I enjoyed reading it, but I'm a colossal faggot who likes trash literature. (Inherent Vice, House Of Leaves, Fight Club, etc.)
From the excerpts and answers y'all have given I'm going to say the audience is the same people that read and still like Harry Potter (or like it at all, honestly) into their adult years and say it's "literature."
>but I'm a colossal faggot who likes trash literature. (Inherent Vice, House Of Leaves, Fight Club, etc.)
Still, nowhere as bad as Ready Player One. Try reading something else though.
>critical fanbase with capability of discerning varying levels of quality giving ratings in the 3-5 range
>vs underaged fanbase who just go "video game references in a NOVEL! it's a masterpiece! 5 stars"
Perhaps the die was cast when Cline accepted the idea of Spielberg directing the film; he made sure the story would never be mistaken for a work of art that meant anything to anybody; just ridiculously profitable cross-promotion for his book. Ready Player One might portray a fresh dystopian setting (or not), but it’s certainly the anti-Philip K. Dick series in its refusal of wonder, beauty and excitement. No one wants to face that fact. Now, thankfully, they no longer have to.
>But at least the book is ggood though!
The writing is dreadful; the book was terrible. As I read, I noticed that every time a character did something, the author wrote a meaningless, audience-pandering reference to the 1980s.
I began marking on the back of an envelope every time a pop culture reference appeared. I stopped only after I had marked the envelope several dozen times. I was incredulous. Cline's mind is so governed by "geek culture" and retro nostalgia that he has no other style of writing. Later I read a lavish, loving review of Ready Player One by the same Andy Weir. He wrote something to the effect of, "If these kids are reading Ready Player One at 11 or 12, then when they get older they will go on to read The Martian." And he was quite right. He was not being ironic. When you read "Ready Player One" you are, in fact, trained to read The Martian.
I just read this and I spent the entire book repeating the words "This is reddit, this is memes, this is reddit, this is memes..." under my breath.
I fucking hated it. I was writhing around on the floor in front of my sofa for the last 30 pages it was so painful.
>Ayy 80s references lmao
If you liked it you're in the wrong place
Yeah but they're a pretty good demonstration of my taste in literature.
Some other favorites: John Dies At The End, The Disaster Artist, Redshirts, The Last Policeman.
I just read trash. Maybe slightly elevated trash, but nothing that really challenges the mind. I just like fun stories with interesting adventures and characters. I wanna be comfy when I read.
Last one I read was The Tunnel by Ernesto Sabato. Summary sounds like hipster bait but it's a really good book about love and obsession with a main character that would be posting here if he lived nowadays
>my hipster book is better than your meme book
>Summary sounds like hipster bait but it's a really good book about love and obsession
Reading comprehension anon. It's a very short book and it's easy to read.
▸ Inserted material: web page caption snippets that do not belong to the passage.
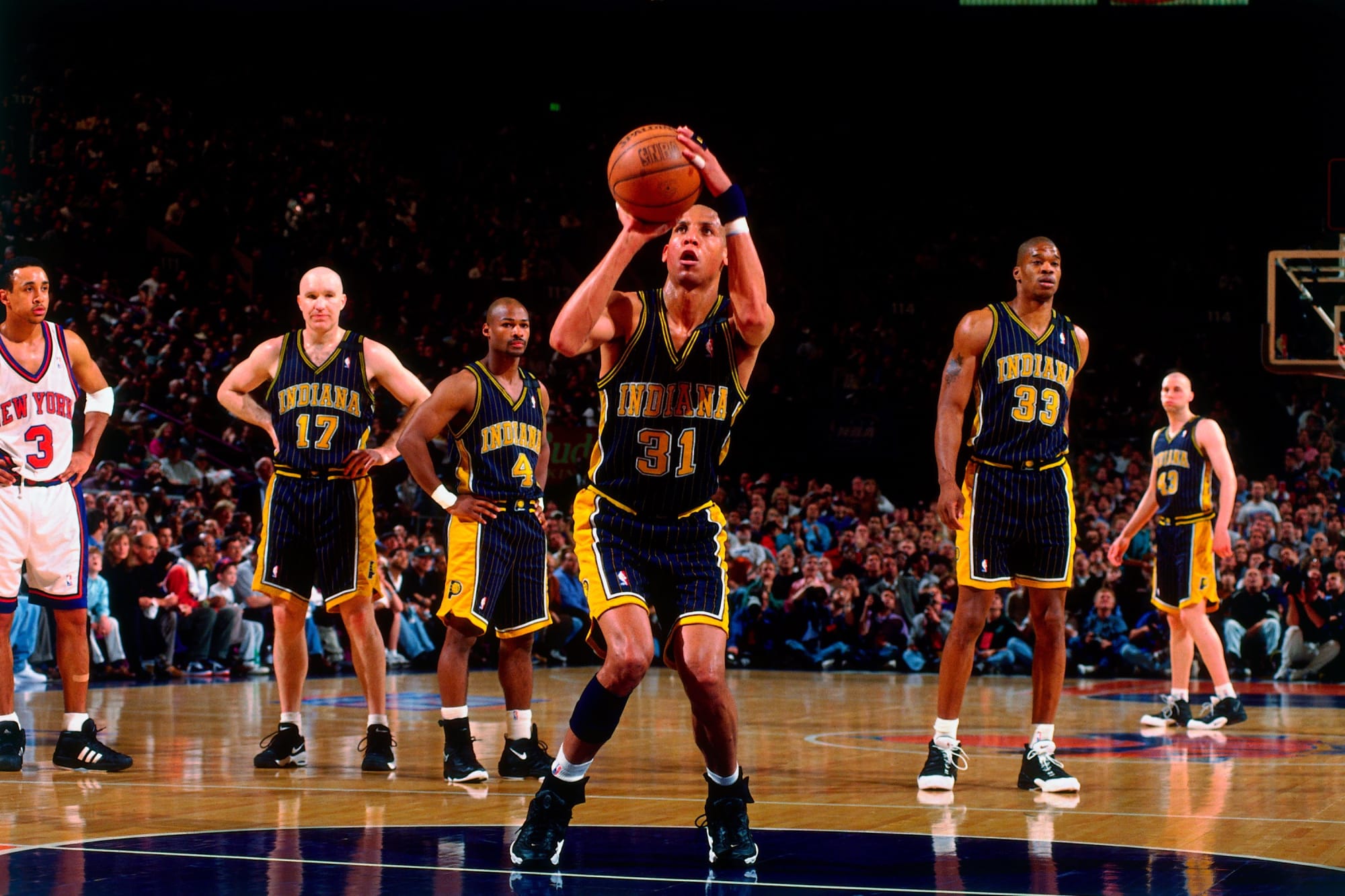 The Indiana PacersNew York Knicks rivalry remembered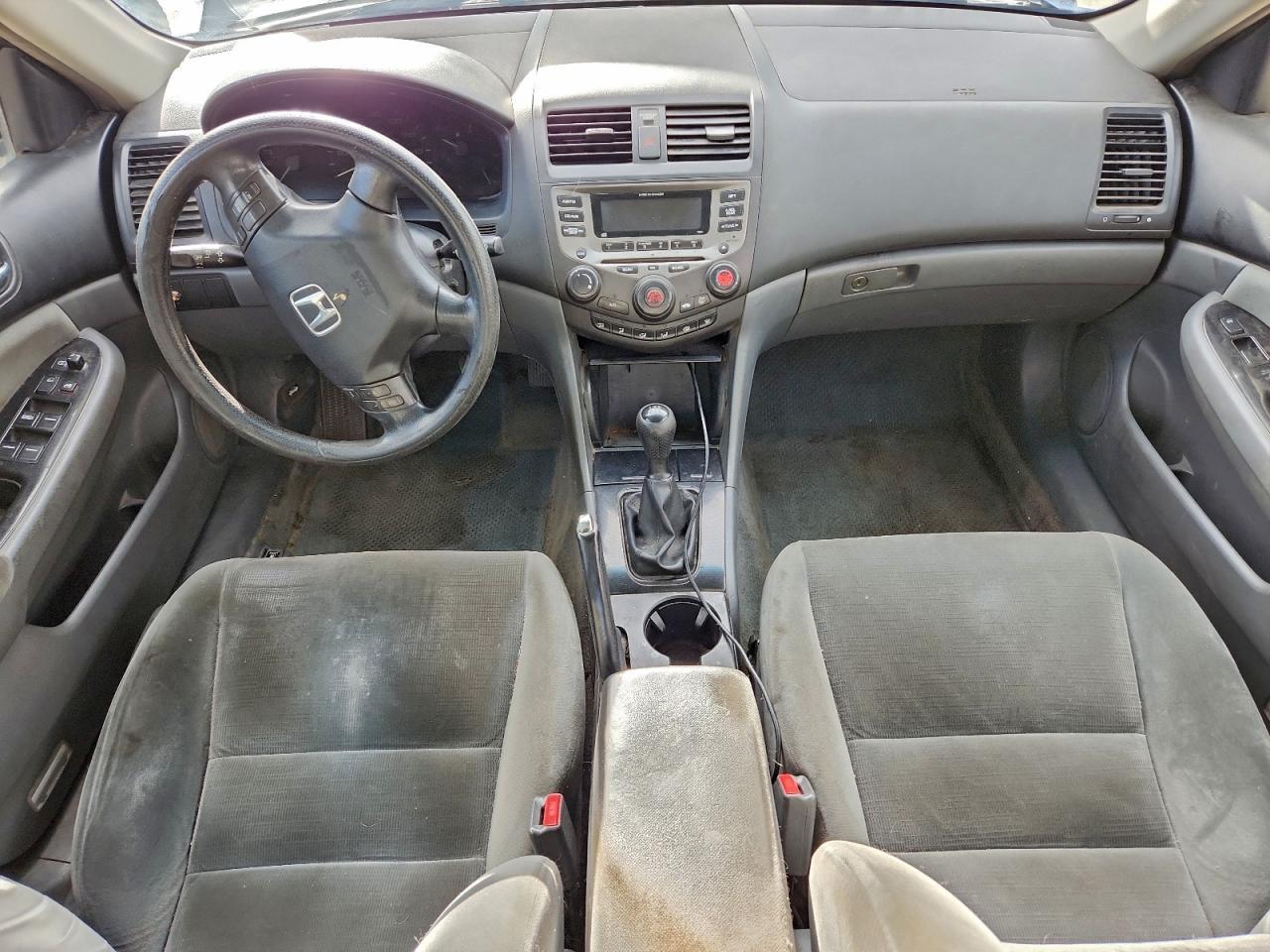 2007 HONDA ACCORD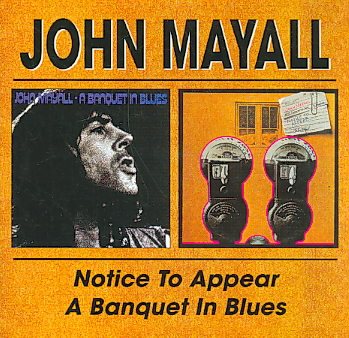 John Mayall - NOTICE TO APPEAR |-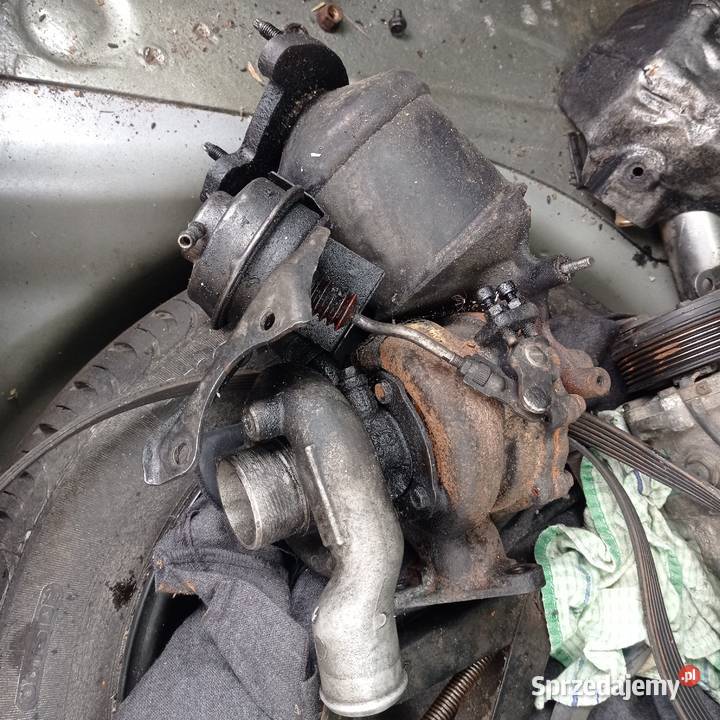 Turbo sprężarka Opel Meriva 17cdti Szprotawa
>mfw /tv/ has reddit tier taste in books
kill your selves you actual fucking plebs
And yet /tv/ circle jerks all over this shit
>Reddit : The movie
First the martian and now this, great. Mediocre books getting a movie adaption as soon as the books go on sale.
It was terrible. Wil Wheaton was name dropped. Theres two agonizing pages of Monty Python being reenacted. Most of the concepts were done better in Otherland 15 years earlier.